Il y a huit ans, je m’apprêtais à en avoir seize. Une élève de seconde aux résultats moyens et sans idée précise de ce à quoi se destiner. Le 7 janvier 2015, un mercredi aux environs de midi, j’allumais brièvement les infos avant de me rendre dans un autre établissement scolaire que mon lycée d’origine, où je suivais des cours d’italien. Sur l’écran de la télévision, des tirs de kalachnikov en l’air, filmés maladroitement depuis un toit. Des « Allah akbar » hurlés par les deux hommes dans la rue : « On a tué Charlie Hebdo ! »
J’ai éteint. Me suis levée du canapé et suis partie. J’avais bien vu des noms inconnus, ceux des victimes, défiler. Ma méconnaissance de ce journal satirique – dont j’avais bien sûr entendu parler sans jamais l’avoir lu – ne m’a pas fait me sentir concernée. Pas tout de suite du moins. C’est seulement en arrivant en classe – où nous étions, comme d’habitude, un petit comité de cinq élèves –, et après quelques échanges avec les uns et les autres, que j’ai réalisé : une attaque contre des journalistes français, en territoire français, au XXIe siècle. Anachronique. Terrifiant. Absurde.
Les jours qui suivirent furent galvanisants pour les jeunes âmes comme la mienne. Armée de ma pancarte, j’ai marché, longtemps, le 11 janvier, dans les rues de Paris. Comme quatre millions de Français. Des participants embrassaient les policiers sous mes yeux, eux aussi victimes du commando du 7 janvier. Tout comme les juifs de l’Hyper Cacher. L’union face au terrorisme et à l’obscurantisme. Du moins nous le croyions.
« Oui, mais… » Sur les plateaux, les objecteurs de consciences distillaient leurs analyses paternalistes, se contorsionnant en explications alambiquées pour expliquer la rage de ces pauvres assaillants. Des victimes de leur condition sociale, offensés que des dessinateurs puissent rire de leur religion. Un contrepied mortifère.
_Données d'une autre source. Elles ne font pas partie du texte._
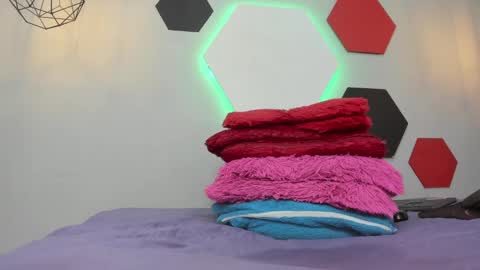 Snapshot of martinaclark chatting on January 2025 01:05:02 PM Martina online show from January 2025 01:05:02 PM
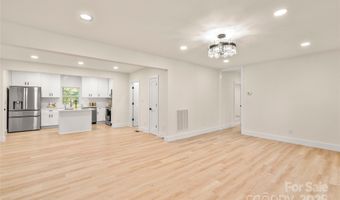 3208 June Dr, Charlotte, NC 28205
Je lis Charlie Hebdo toutes les semaines depuis le 7 janvier. Sans doute ne serais-je jamais devenue journaliste si ce fameux mercredi avait été un jour normal. Un jour où Charb, Cabu, Wolinski, Tignous et tous les autres seraient sortis de leur salle de réunion, la Une de la semaine suivante en tête, se seraient installés à leur bureau, auraient continué à déconner d’un bout à l’autre de la rédaction. Une réalité parallèle, qui n’a de « réalité » que le nom.